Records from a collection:
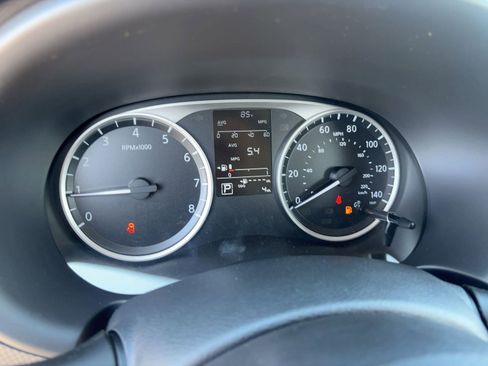 New 2025 Nissan Kicks Play S image 19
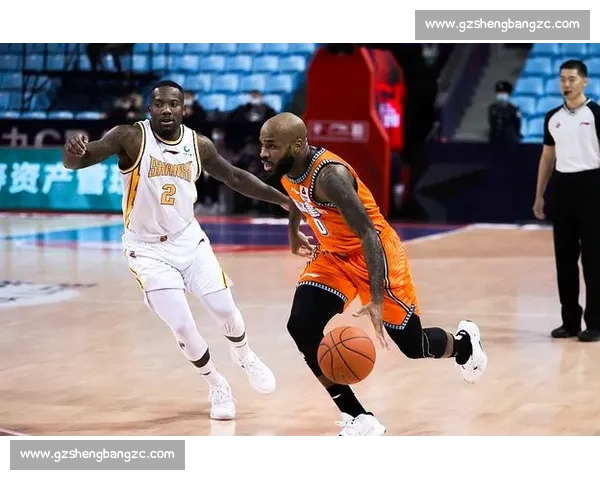 以回收防守为核心提升球队整体防守效率与稳定性分析 以回收防守为核心提升球队整体防守效率与稳定性分析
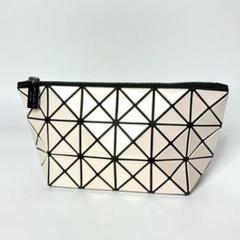 ISSEY MIYAKE イッセイミヤケ バオバオポーチ ピンクベージュ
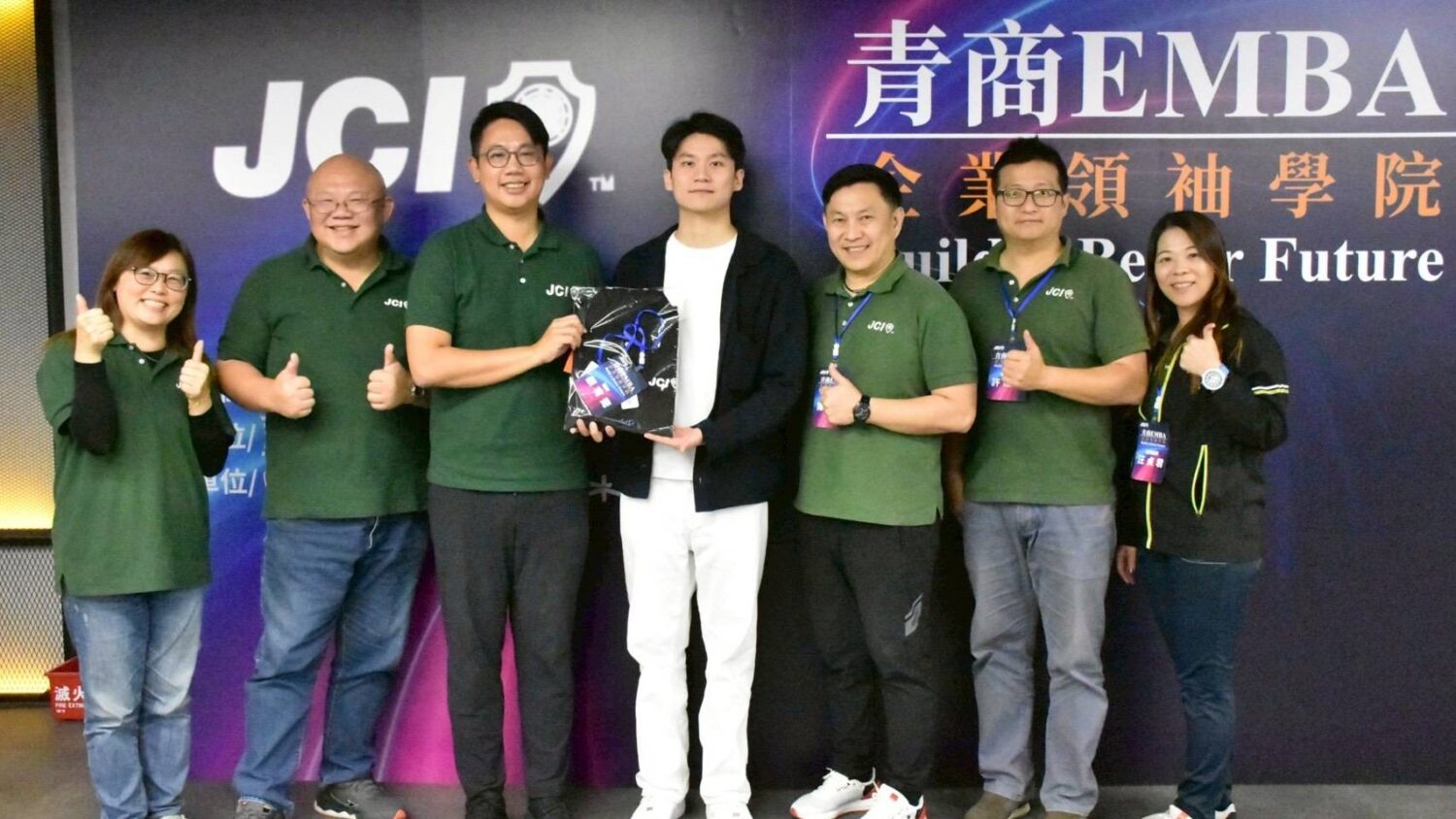 青商 EMBA 企業領袖學院課程期間，講師與青商會訓練委員會團隊合影留念，展現跨界交流活力與深度互動成果。（圖／青商 EMBA 企業領袖學院提供）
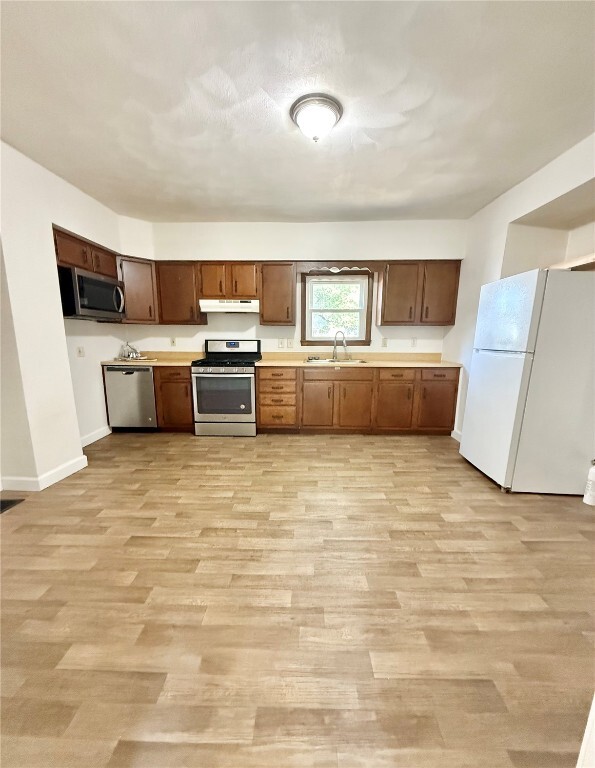 Photo - 115 S Lawn Ave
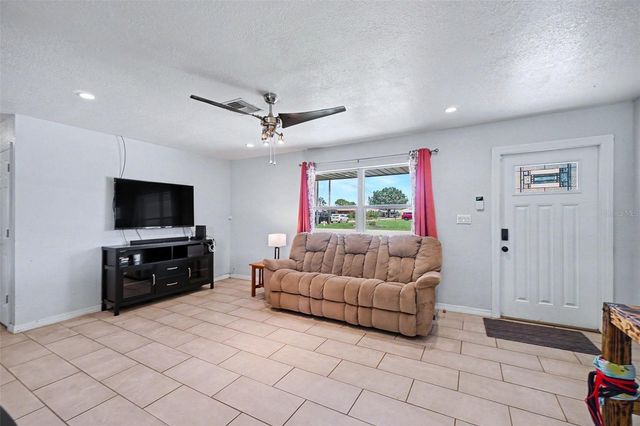3321 DAUPHINE STREET, Sebring, FL 33872
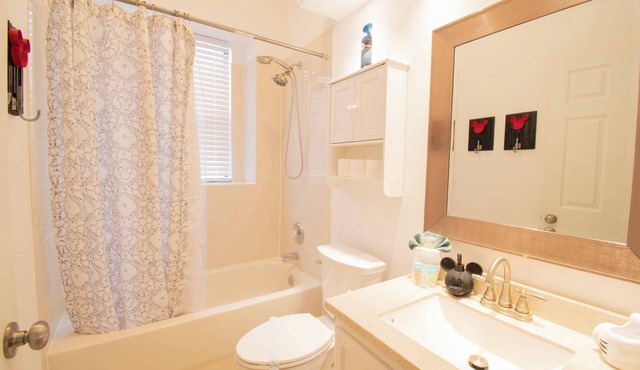 Disney-Themed 4BR Home w/ Private Pool | Sleeps 9 | 20 min to Disney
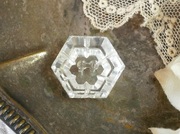 フランスアンティーククリアガラス六角形フラワーボタン(2.2cmX2.0cm)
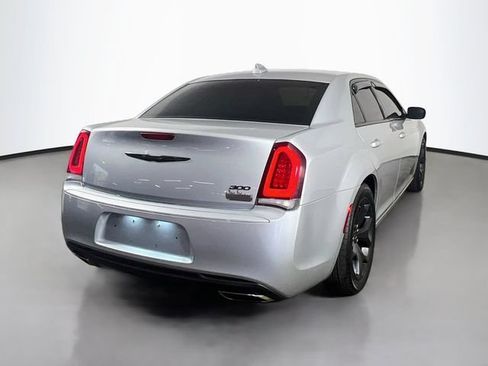Used 2021 Chrysler 300 Touring w/ Sport Appearance Package RWD image 23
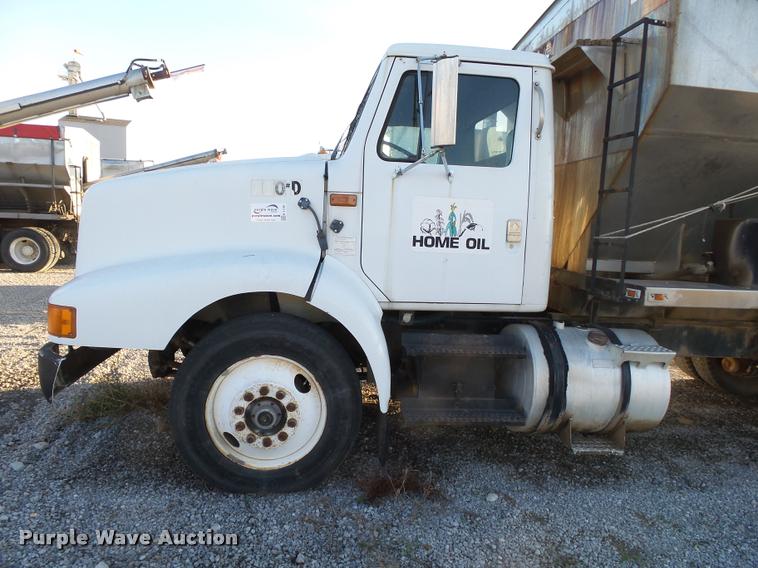 image for item K1109 1994 International 8200 tender truck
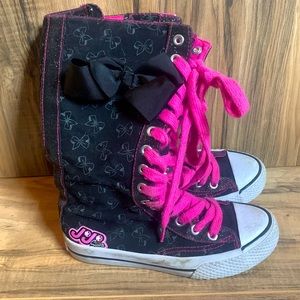 JoJo Siwa lace up/zipper mid cafe sneaker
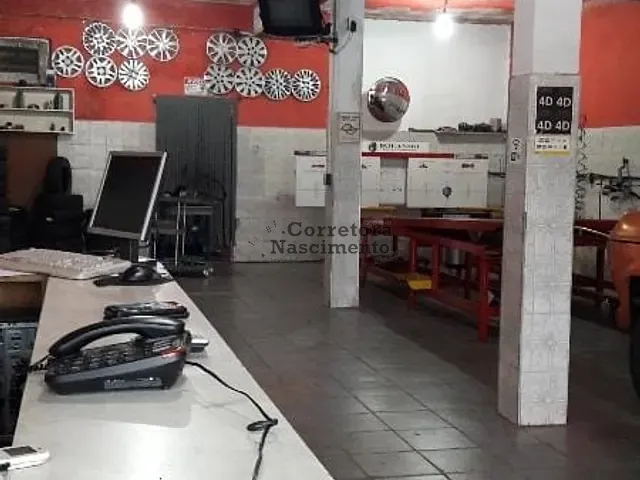 Casa com 250m² 2 quartos e 3 banheiros, à venda, no bairro Jardim Paraíso em Jacareí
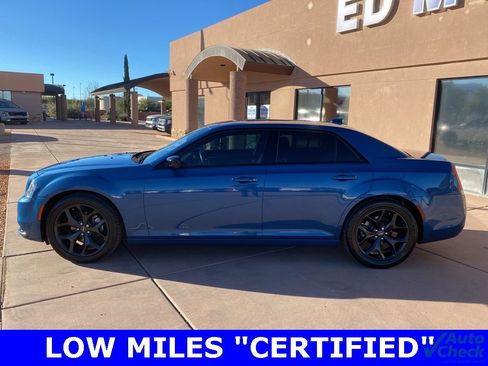 Used 2021 Chrysler 300 Touring w/ Sport Appearance Package image 4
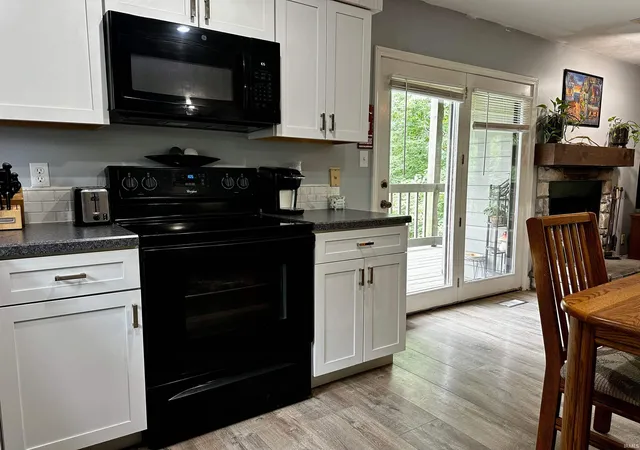 Photo 4 of Condo for sale at 9393 S Pointe Retreat Dr, Bloomington, IN 47401 | MLS# 202630224 | Listing updated on 2026-10-05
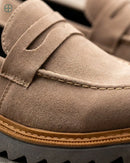 Mocassim Penny Loafer Camurça | Rest Money™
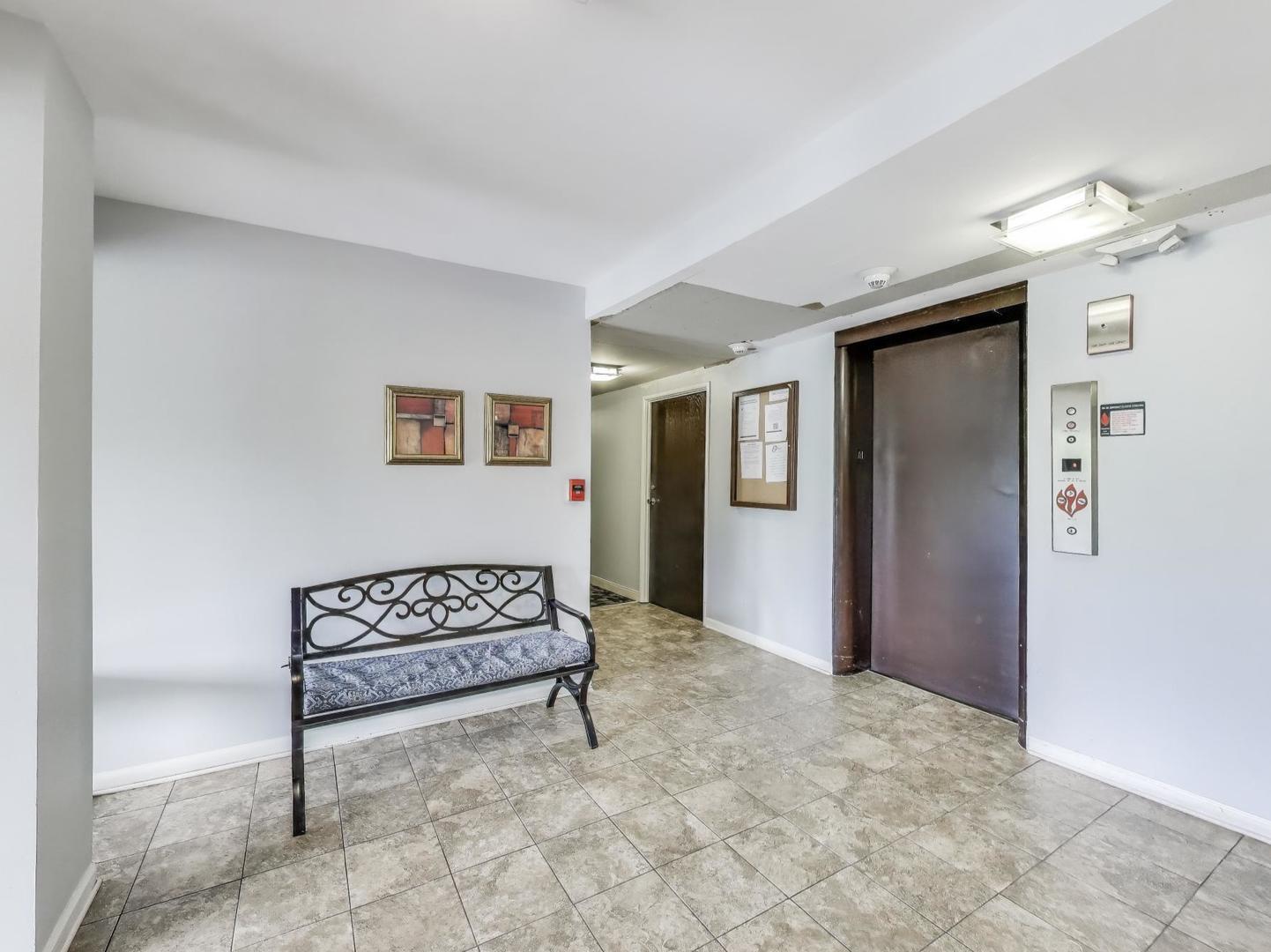 6660 S Brainard Avenue #103, Countryside, IL 60525
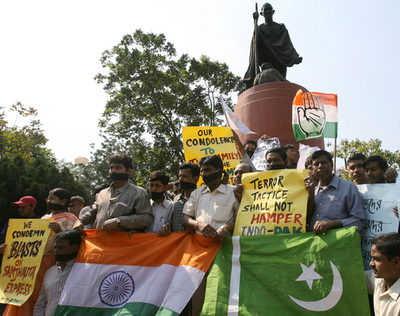 印パ両国、列車爆破テロ事件後も和平協議を継続 - インド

What this task involves: Starting at the line that contains "Mocassim Penny Loafer Camurça | Rest Money™", write out every line through the end of the entries, both ends included, without any pictures.

Exercise output:
 Mocassim Penny Loafer Camurça | Rest Money™
 6660 S Brainard Avenue #103, Countryside, IL 60525
 印パ両国、列車爆破テロ事件後も和平協議を継続 - インド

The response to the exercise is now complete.